* RECORDED DATA:
┌────────
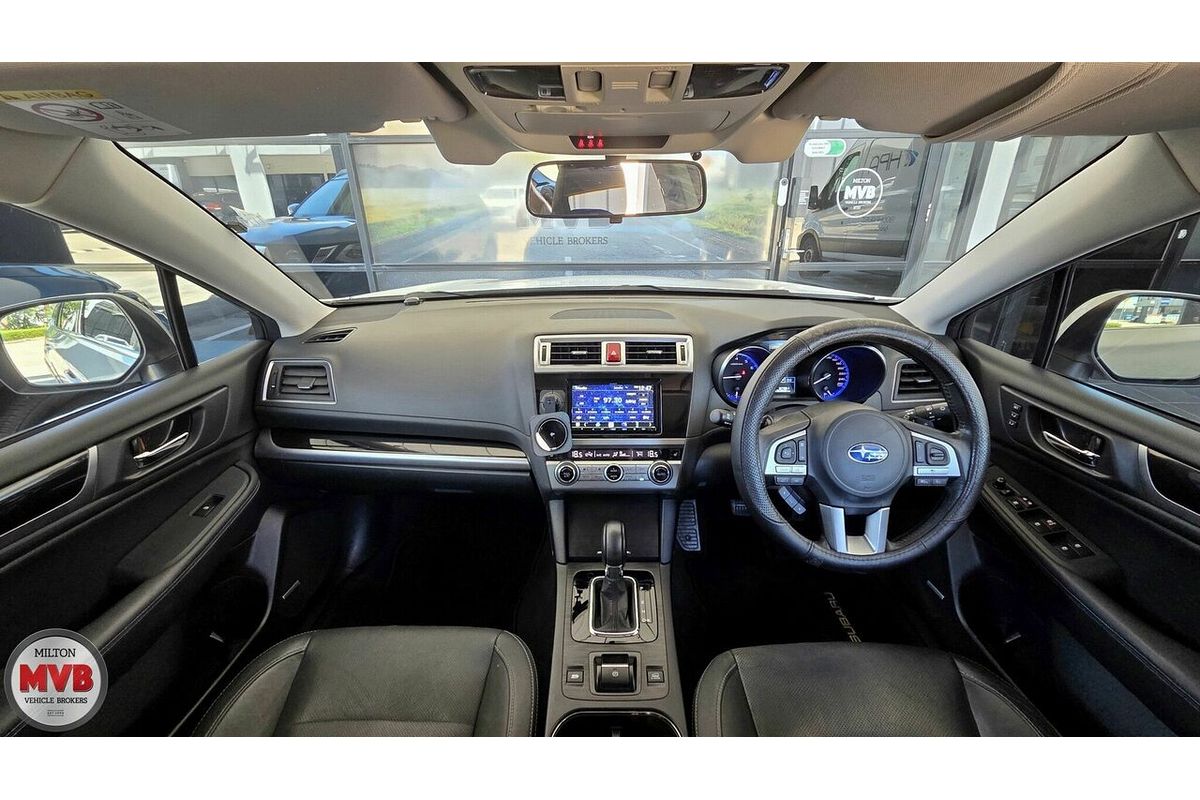 2015 Subaru Outback 3.6R 5GEN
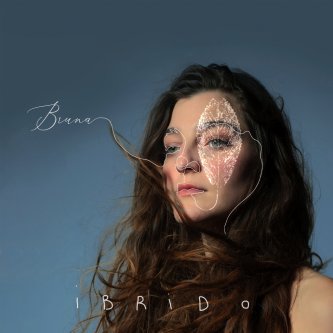 Copertina dell'album IBRIDO, di BRUNA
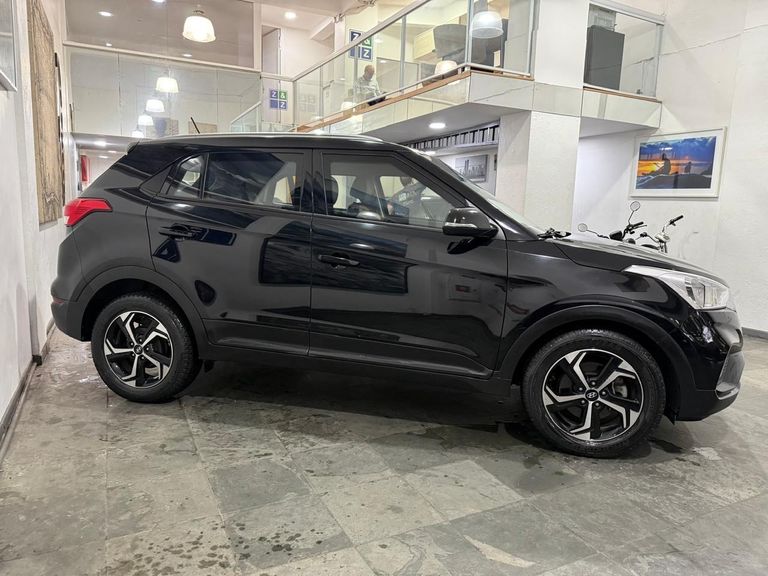 Hyundai Creta Pulse Plus 1.6 16V Flex Aut.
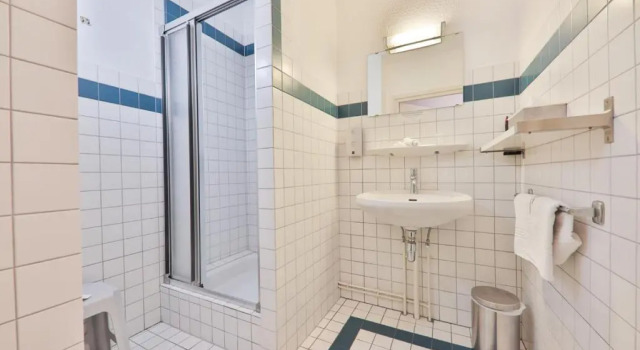 Двухместный номер Comfort Hôtel Deybach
└────────
* TASK:
From the line containing "Hyundai Creta Pulse Plus 1.6 16V Flex Aut." down to the end of the listing above, every line is to be returned exactly, though the pictures are not.

* TASK RESULT:
 Hyundai Creta Pulse Plus 1.6 16V Flex Aut.
 Двухместный номер Comfort Hôtel Deybach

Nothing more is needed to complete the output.